MCC Forestry Program Gears Up for Growth

Campus Curriculum Forestry

The Forestry Management Technology program at Montgomery Community College is expanding capacity with new facilities and capabilities. Just north of the forestry building on the west side of the MCC Campus sits a brand new equipment storage facility. The ten-bay, open-air shed measures a whopping 30 feet deep and 170 feet in length, secured by a well-lit gate and fence with security cameras and alarm. The facility is home to the College’s fire truck, tank sprayer, bulldozer, tractor, four-wheelers and other large equipment used in the day-to-day maintenance of the wooded campus.

MCC’s new equipment shed provides much-needed shelter for Forestry Program vehicles and implements.

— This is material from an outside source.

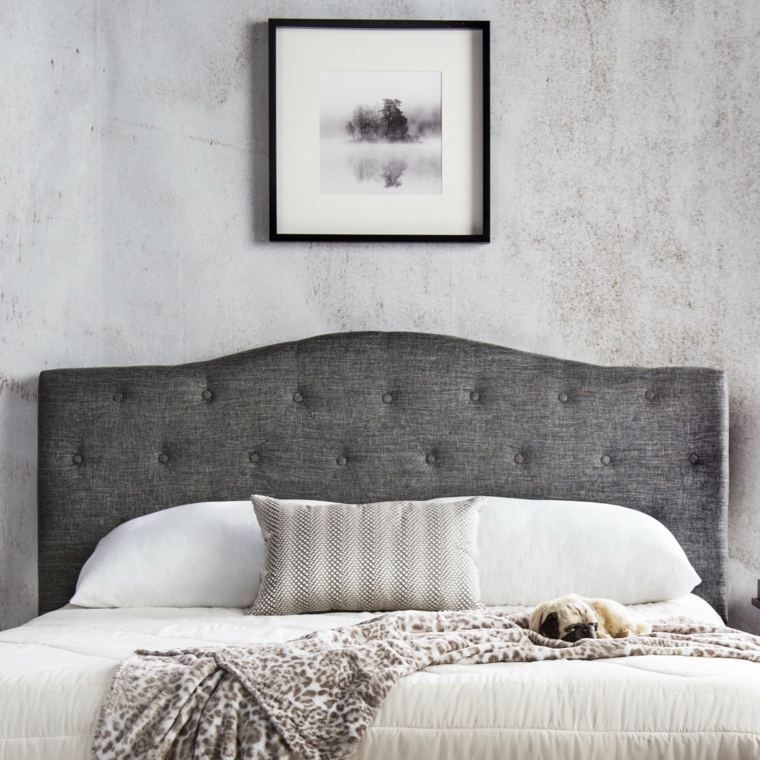 tetes de lit gris en tissu aménagement chambre à coucher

The MCC Forestry Program staff and students are responsible for the maintenance of all wooded areas of campus, totaling 153 acres nestled in the hills of the Uwharrie Forest. Program participants sustain walking trails and woods roads, totaling just over three miles in length, as well as exposing students to myriad projects nearby to help them sharpen their skillset. Last year the forestry students harvested 2,190 board feet of pine sawtimber, mapped 284 miles of roads, fire lanes and property lines and inventoried 2,478 acres of local forestland.

In 1994, under department chair Russell Strong, MCC’s Forestry Program transitioned to a two-year Associate’s Degree program. Strong, who remains an adjunct instructor to this day, served in his role as department chair until his retirement in in 2019. Registered foresters Josh Hussey and Dylan Hurley operate the program today, the latter serving as chair of the department and a board member of the North Carolina Forestry Association. Fifteen forestry professionals from across the Southeastern U.S. serve as members of the program’s advisory committee.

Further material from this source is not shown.